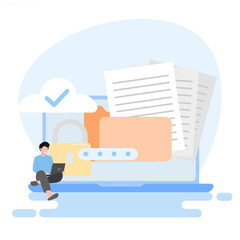 Illustration of folder containing confidential documents, Cloud security concept. can be used for banners, websites, and landing pages.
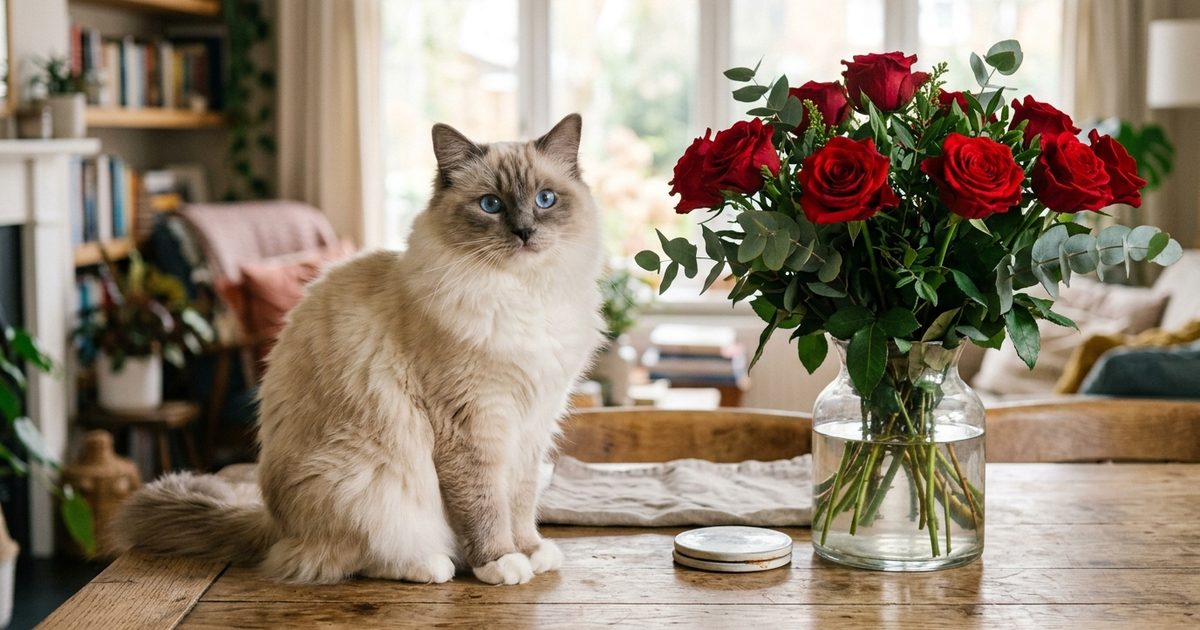A cream Ragdoll cat with colorpoint markings sits calmly beside a vase of red roses on a wooden table in a warm romantic domestic scene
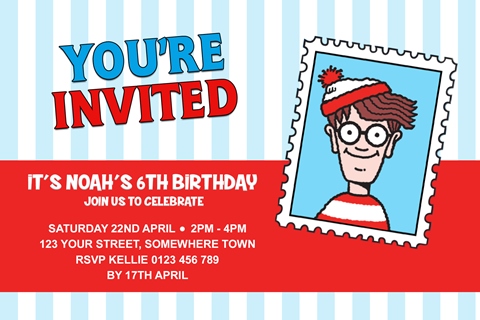 Where's Wally Waldo invitation invite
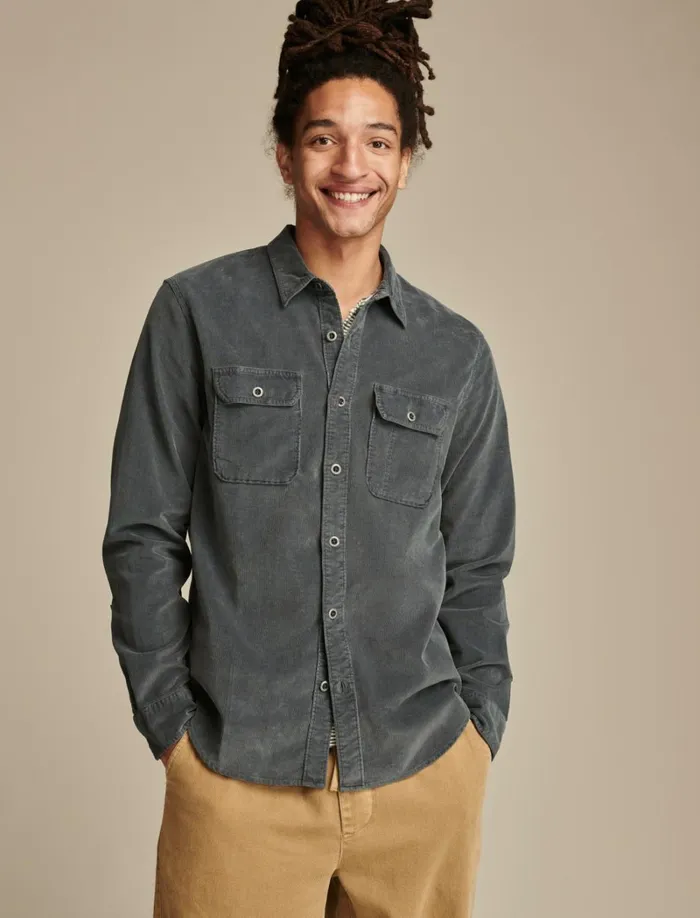 Lucky Brand Shirts and Tops Men Cole Hauser Corduroy Workshirt Dark Slate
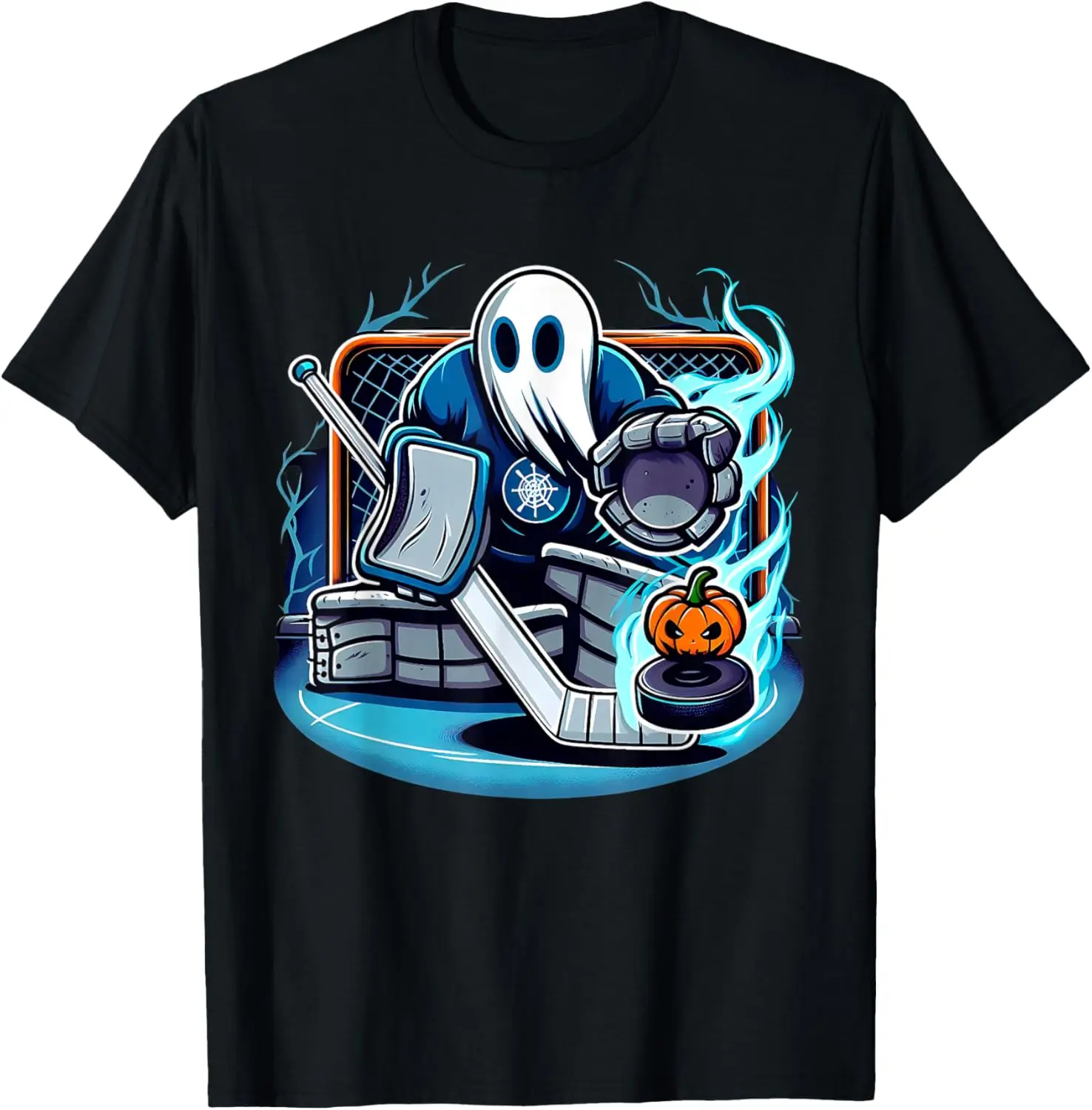 Ghost Hockey Goalie Halloween Sports Fan T-Shirt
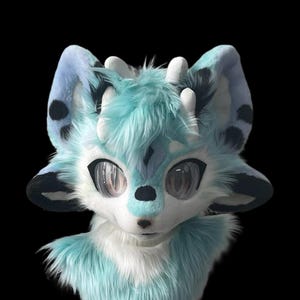 Fursuit Head - Only Head, Furry Pre-Made Fur Head, Furry Cosplay, &quot;Blue Four-eared Dragon&quot; Fantasy Creatures, Cool Furry Mask Head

————————

INSTRUCTIONS TO FOLLOW.
Your task is to reproduce every record exactly while omitting the pictures.

OUTPUT.
 Illustration of folder containing confidential documents, Cloud security concept. can be used for banners, websites, and landing pages.
A cream Ragdoll cat with colorpoint markings sits calmly beside a vase of red roses on a wooden table in a warm romantic domestic scene
 Where's Wally Waldo invitation invite
 Lucky Brand Shirts and Tops Men Cole Hauser Corduroy Workshirt Dark Slate
 Ghost Hockey Goalie Halloween Sports Fan T-Shirt
 Fursuit Head - Only Head, Furry Pre-Made Fur Head, Furry Cosplay, &quot;Blue Four-eared Dragon&quot; Fantasy Creatures, Cool Furry Mask Head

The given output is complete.